It did not take long for this nearly euphoric optimism to begin to give way to disappointment, even anxiety. 4 By early 2016, some Germans articulated worries about threats ranging from terrorism to crime, political polarization, and loss of confidence in state institutions. 5 Especially prominent in these public conversations were expressions of the fear that the waves of newcomers might overwhelm Germany’s culture and threaten its values. Syrian asylum seekers seldom expressed such cultural concerns, and instead appeared consumed with the basic “nuts and bolts” of starting life anew. In this, their most significant challenge was not Germany’s Western, Christian-majority heritage, but the overwhelming presence of its state bureaucracy. From asylum applications to health insurance forms to professional certification and beyond, many refugees found themselves bewildered by both the amount of paperwork and the complicated mechanics of processing it.

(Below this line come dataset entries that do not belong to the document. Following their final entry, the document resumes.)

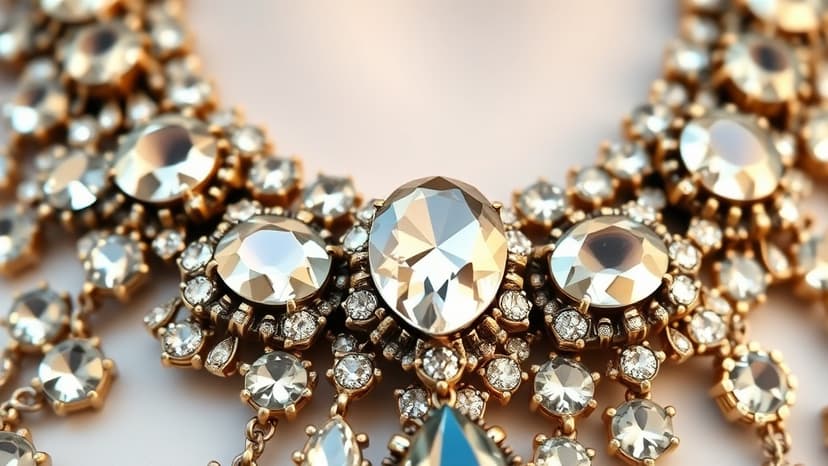 Veteran Actor Kunickaa Sadanand Out of Bigg Boss Race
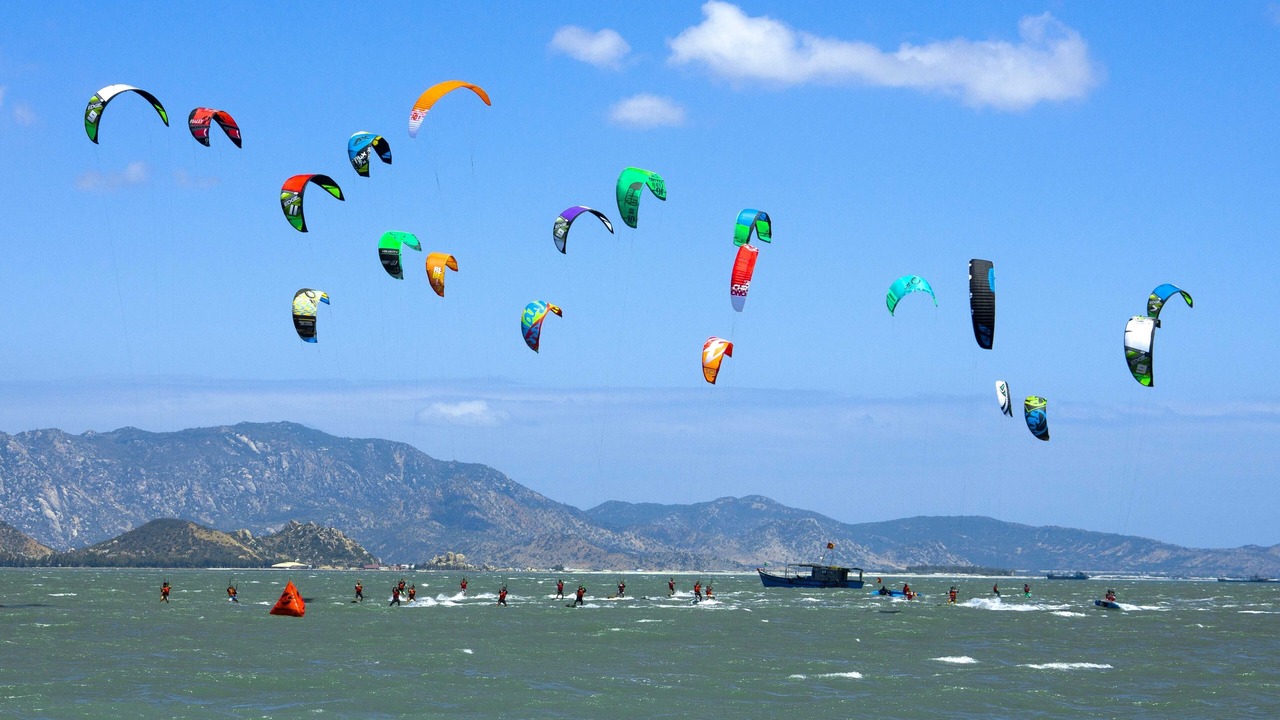 Photo of Others in Khanh Hai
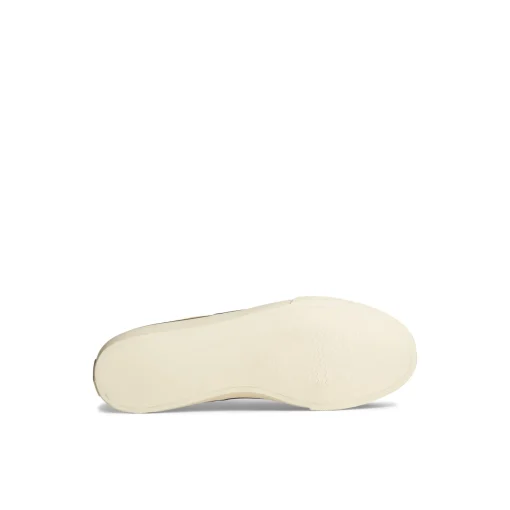 Unisex Classic CVO Sneaker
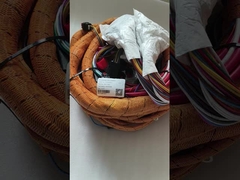 Hyunsang Excavator Motor Parts Harness 291-7590 Per 320D 320D L 323D L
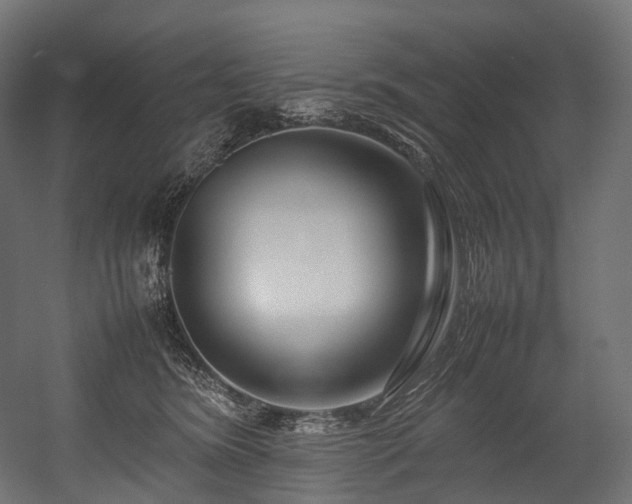 X0000054390420200507291149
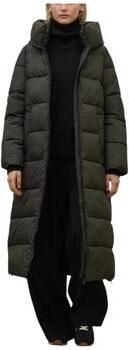 Ecoalf Mantel MCWGAJKARAND0987W25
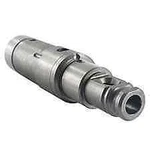 Original Hitachi Part # 335261 Cylinder DH26PF/28PFY/18DBLP4. Fixed Price $66.74.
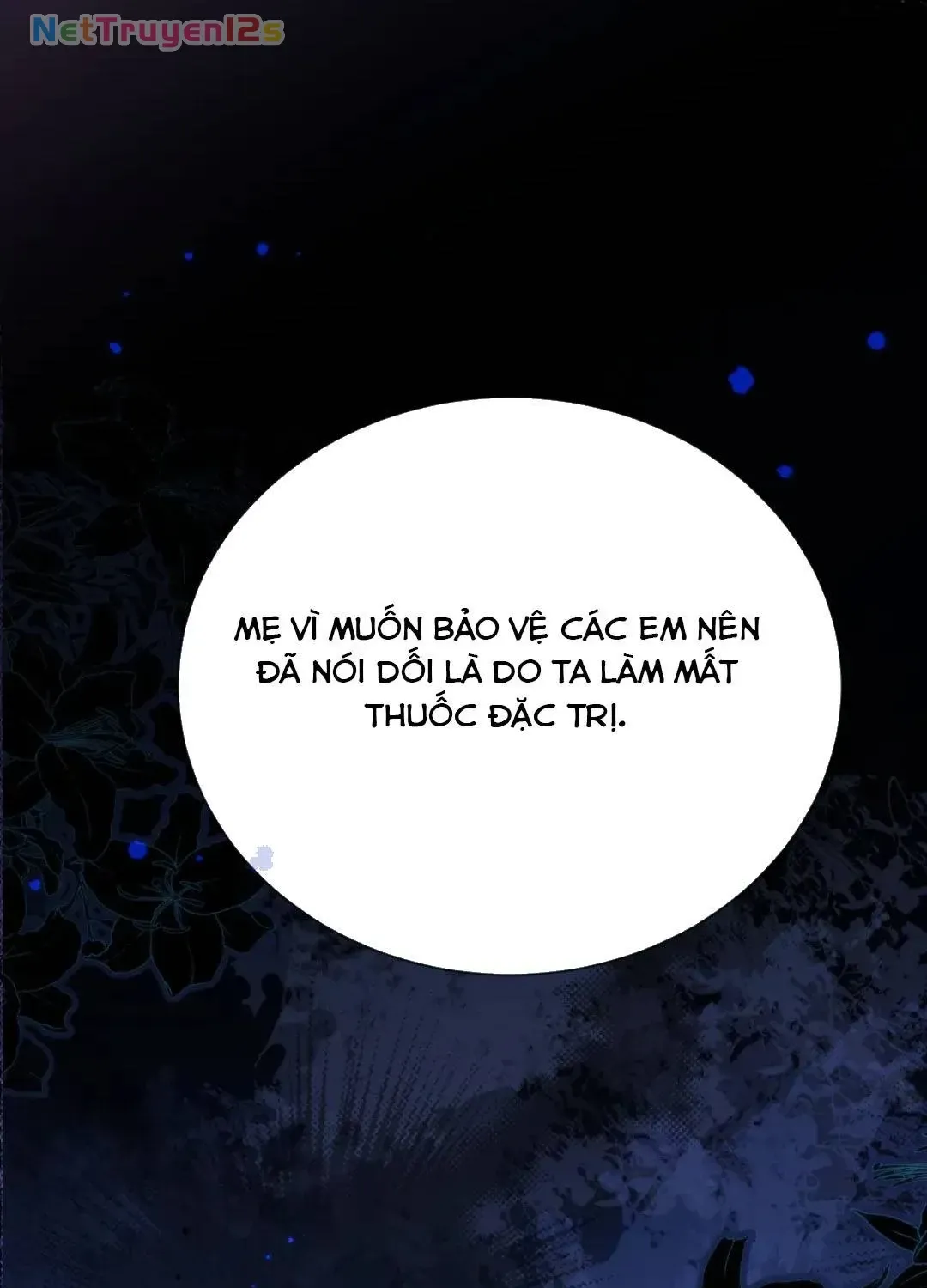 Xuyên Thành Tiểu Muội Của Đại Lão Giấu Mặt Chap 123 - Next Chap 124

To focus on bureaucratic hassles is not to minimize larger traumas facing Syrians who have been forced to flee their homes, such as the feelings of loss, alienation, and dislocation that Basileus Zeno discusses in his article in this collection. 6 Likewise, to focus on culture is not to disregard the immediate and serious threat of violence unsettling many Germans. The year 2016 opened with hundreds of incidents of sexual assault on New Years Eve in Cologne, and then went on to register four terrorist attacks across the country that left 22 people killed and dozens injured. Though the government was adamant in insisting that refugees are no more likely to commit terrorism than is the general population, the migrant background of some attackers gave a boon to the anti-foreigner sentiment of the far-right AfD (Alternative for Germany) party and heightened the challenge to Merkel leading up to the September 2017 federal elections. 7 Meanwhile, other violence targeted newcomers, specifically. 2016 witnessed a rise in hate crimes, with some 3,500 attacks against migrants, refugees, and refugee shelters injuring at least 560 people. 8
Questions about culture and bureaucracy are not as dramatically startling as threats to physical security or the other ways that refugees suffer. Yet they are at the forefront of many people’s trepidations, and are also indicative of larger structural factors critical for the success of Germany’s experiment in refugee integration in both the short and long term. This article explores these issues, based on three months of field research in Germany in 2016 and informed by another three months in 2017. It begins with some brief context on German public conversations related to national culture, as have taken shape since the 2015 refugee crisis. It then turns to both the logistical context and the lived experience of Syrian asylum seekers’ encounter with bureaucracy, focusing on three realms of key importance during their initial residence in Germany: legal status, housing, and work. The essay concludes with reflections on how Germans and Syrians’ disparate concerns related to culture and bureaucracy might highlight unexpected spaces for exchange and mutual understanding.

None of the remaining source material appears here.